▶ Extracted entries:
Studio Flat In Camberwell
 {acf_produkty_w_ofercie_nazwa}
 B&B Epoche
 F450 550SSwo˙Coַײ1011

==

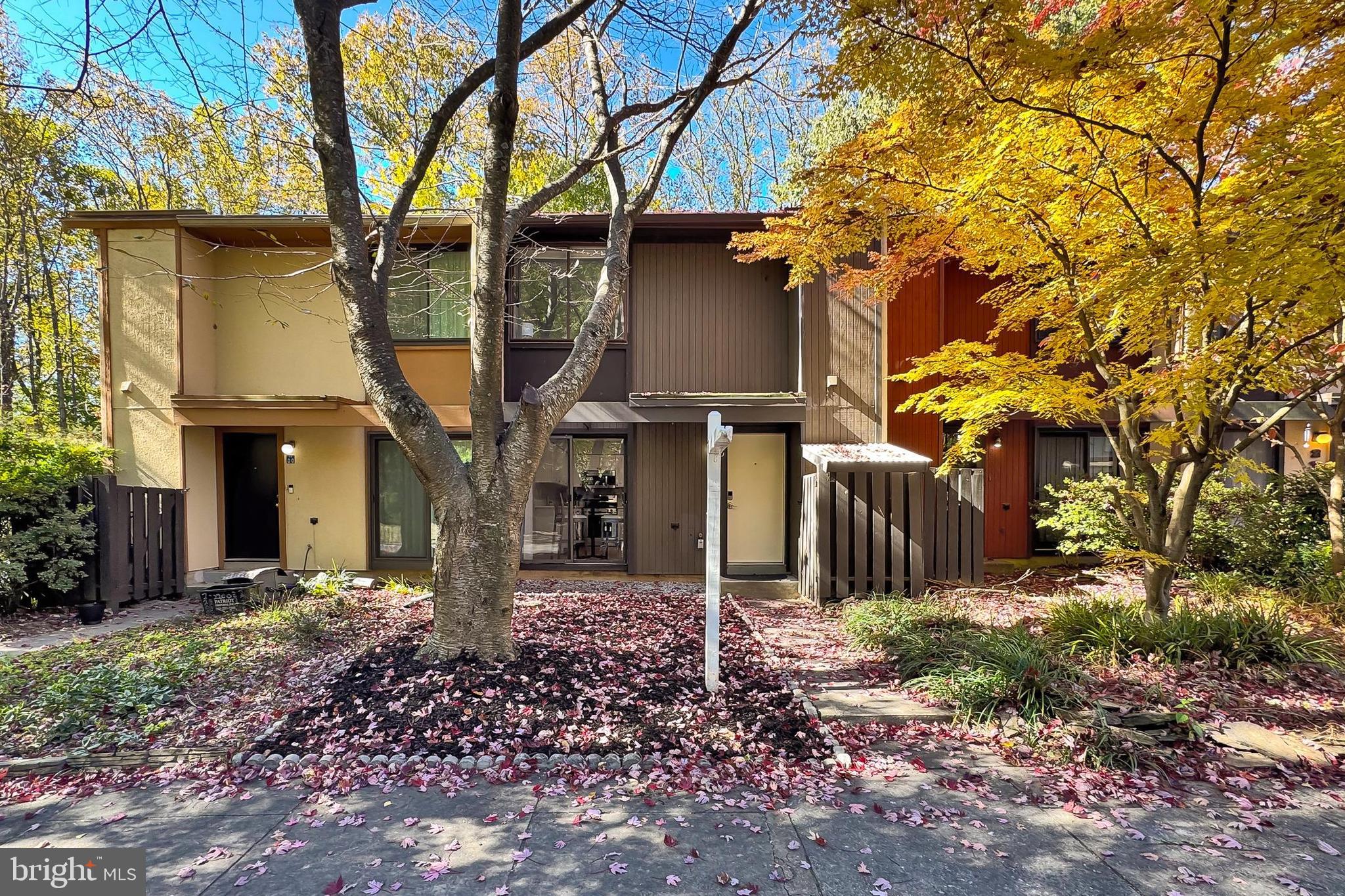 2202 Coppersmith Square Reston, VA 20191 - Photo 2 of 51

▶ Exercise goal:
Of the entries above, repeat exactly the lines between the line with "Studio Flat In Camberwell" and the line with "F450 550SSwo˙Coַײ1011", inclusive, and no others.

▶ Result of the task:
Studio Flat In Camberwell
 {acf_produkty_w_ofercie_nazwa}
 B&B Epoche
 F450 550SSwo˙Coַײ1011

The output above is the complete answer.